Your task:
Somewhere in the records below is a line containing "HYSTERIC GLAMOUR（ヒステリックグラマー）Tシャツ・カットソー 白". Copy that line and everything after it through the end, unchanged.

Exercise material:
=======

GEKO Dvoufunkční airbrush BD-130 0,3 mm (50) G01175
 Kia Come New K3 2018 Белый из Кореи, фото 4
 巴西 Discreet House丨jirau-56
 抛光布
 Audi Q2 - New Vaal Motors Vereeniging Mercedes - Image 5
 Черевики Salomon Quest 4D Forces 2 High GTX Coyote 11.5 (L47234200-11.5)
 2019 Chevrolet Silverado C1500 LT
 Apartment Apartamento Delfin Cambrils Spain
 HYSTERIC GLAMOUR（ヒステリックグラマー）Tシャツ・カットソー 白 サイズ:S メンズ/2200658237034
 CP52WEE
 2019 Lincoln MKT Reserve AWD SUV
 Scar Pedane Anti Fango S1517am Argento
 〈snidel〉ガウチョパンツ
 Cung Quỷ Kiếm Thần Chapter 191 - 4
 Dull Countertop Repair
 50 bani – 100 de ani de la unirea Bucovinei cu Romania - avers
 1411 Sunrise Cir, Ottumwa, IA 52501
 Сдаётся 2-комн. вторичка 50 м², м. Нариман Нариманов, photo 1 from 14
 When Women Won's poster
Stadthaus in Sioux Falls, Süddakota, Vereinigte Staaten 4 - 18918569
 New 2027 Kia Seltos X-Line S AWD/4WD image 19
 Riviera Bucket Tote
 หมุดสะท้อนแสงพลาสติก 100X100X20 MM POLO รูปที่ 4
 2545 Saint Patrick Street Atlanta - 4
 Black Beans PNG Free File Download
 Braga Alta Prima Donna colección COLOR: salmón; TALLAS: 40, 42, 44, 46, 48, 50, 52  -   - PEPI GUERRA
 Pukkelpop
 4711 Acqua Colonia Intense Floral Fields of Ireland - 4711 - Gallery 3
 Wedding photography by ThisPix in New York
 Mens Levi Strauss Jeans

=======

Written solution:
 HYSTERIC GLAMOUR（ヒステリックグラマー）Tシャツ・カットソー 白 サイズ:S メンズ/2200658237034
 CP52WEE
 2019 Lincoln MKT Reserve AWD SUV
 Scar Pedane Anti Fango S1517am Argento
 〈snidel〉ガウチョパンツ
 Cung Quỷ Kiếm Thần Chapter 191 - 4
 Dull Countertop Repair
 50 bani – 100 de ani de la unirea Bucovinei cu Romania - avers
 1411 Sunrise Cir, Ottumwa, IA 52501
 Сдаётся 2-комн. вторичка 50 м², м. Нариман Нариманов, photo 1 from 14
 When Women Won's poster
Stadthaus in Sioux Falls, Süddakota, Vereinigte Staaten 4 - 18918569
 New 2027 Kia Seltos X-Line S AWD/4WD image 19
 Riviera Bucket Tote
 หมุดสะท้อนแสงพลาสติก 100X100X20 MM POLO รูปที่ 4
 2545 Saint Patrick Street Atlanta - 4
 Black Beans PNG Free File Download
 Braga Alta Prima Donna colección COLOR: salmón; TALLAS: 40, 42, 44, 46, 48, 50, 52  -   - PEPI GUERRA
 Pukkelpop
 4711 Acqua Colonia Intense Floral Fields of Ireland - 4711 - Gallery 3
 Wedding photography by ThisPix in New York
 Mens Levi Strauss Jeans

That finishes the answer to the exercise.